Check out the gpytorch batch mode fitting tutorial for more info on batch mode GPs.
def get_target_model_loocv_sample_preds(train_x: Tensor, train_y: Tensor, num_samples: int) -> Tensor:
"""
Use LOOCV to fit `b=n` independent GPs using batch mode and sample from
their independent posteriors.
Args:
train_x: `n x d` tensor of training points
train_y: `n` tensor of training targets
num_sample: number of mc samples to draw
Return: `num_samples x n`-dim tensor of samples for each target point from the corresponding GP
(which was training without that point).
"""
train_x = train_x.view(-1, 1)
train_y = train_y.view(-1)
batch_size = len(train_x)
masks = torch.eye(len(train_x), dtype=torch.uint8)
train_x_cv = torch.stack([train_x[~m] for m in masks])
train_y_cv = torch.stack([train_y[~m] for m in masks])
test_x_cv = torch.stack([train_x[m] for m in masks])
test_y_cv = torch.stack([train_y[m] for m in masks])
model = get_fitted_model(train_x_cv, train_y_cv)
with torch.no_grad():
# test_x_cv here is `n (batch dimension) x 1 (num points) x 1 (num dimensions)`.
posterior = model.posterior(test_x_cv)
# Since we have a batch mode gp and model.posterior always returns an output dimension,
# the output from `posterior.sample()` here `num_samples x n x 1 x 1`, so let's squeeze
# the last two dimensions.
return posterior.sample(sample_shape=torch.Size([num_samples])).squeeze(-1).squeeze(-1)
from typing import List
def compute_rank_weights(
train_x: Tensor,
train_y: Tensor,
base_models: List[SingleTaskGP],
num_samples: int
) -> Tensor:
"""
Compute ranking weights for each base model and the target model (using
LOOCV for the target model).

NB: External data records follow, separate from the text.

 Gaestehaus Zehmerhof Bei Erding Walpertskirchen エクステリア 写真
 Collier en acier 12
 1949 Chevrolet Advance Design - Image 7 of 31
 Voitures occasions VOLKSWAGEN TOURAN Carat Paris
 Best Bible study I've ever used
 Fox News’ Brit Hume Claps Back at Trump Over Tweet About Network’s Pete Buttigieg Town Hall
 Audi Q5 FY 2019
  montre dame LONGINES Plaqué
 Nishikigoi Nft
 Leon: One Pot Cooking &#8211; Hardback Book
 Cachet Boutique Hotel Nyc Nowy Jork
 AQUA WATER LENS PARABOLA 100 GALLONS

Note: This implementation does not currently
address weight dilution, since we only have a small number of base models.
Args:
train_x: `n x d` tensor of training points (for target task)
train_y: `n` tensor of training targets (for target task)
base_models: list of `n_t` base models
num_samples: number of mc samples
Returns:
Tensor: `n_t`-dim tensor with the ranking weight for each model
"""
ranking_losses = []
# compute ranking loss for each base model
for task in range(len(base_models)):
model = base_models[task]
# compute posterior over training points for target task
posterior = model.posterior(train_x)
f_samps = posterior.sample(sample_shape=torch.Size((num_samples,))).squeeze(-1).squeeze(-1)
# compute and save ranking loss
ranking_losses.append(compute_ranking_loss(f_samps, train_y))
# compute ranking loss for target model using LOOCV
f_samps = get_target_model_loocv_sample_preds(train_x, train_y, num_samples)
ranking_losses.append(compute_ranking_loss(f_samps, train_y))
ranking_loss_tensor = torch.stack(ranking_losses)
# compute best model (minimum ranking loss) for each sample
best_models = torch.argmin(ranking_loss_tensor, dim=0)
# compute proportion of samples for which each model is best
rank_weights = best_models.bincount(minlength=len(ranking_losses)).type_as(train_x)/num_samples
return rank_weights
from botorch.models.gpytorch import GPyTorchModel
from gpytorch.models import GP
from gpytorch.distributions import MultivariateNormal
from gpytorch.likelihoods import LikelihoodList
from torch.nn import ModuleList
class RGPE(GP, GPyTorchModel):
"""
Rank-weighted GP ensemble. Note: this class inherits from GPyTorchModel which provides an
interface for GPyTorch models in botorch.
"""
def __init__(self, models: List[SingleTaskGP], weights: Tensor) -> None:
super().__init__()
self.models = ModuleList(models)
for m in models:
if not hasattr(m, "likelihood"):
raise ValueError(
"RGPE currently only supports models that have a likelihood (e.g. ExactGPs)"
)
self.likelihood = LikelihoodList(*[m.likelihood for m in models])
self.weights = weights
self.to(dtype=weights.dtype, device=weights.device)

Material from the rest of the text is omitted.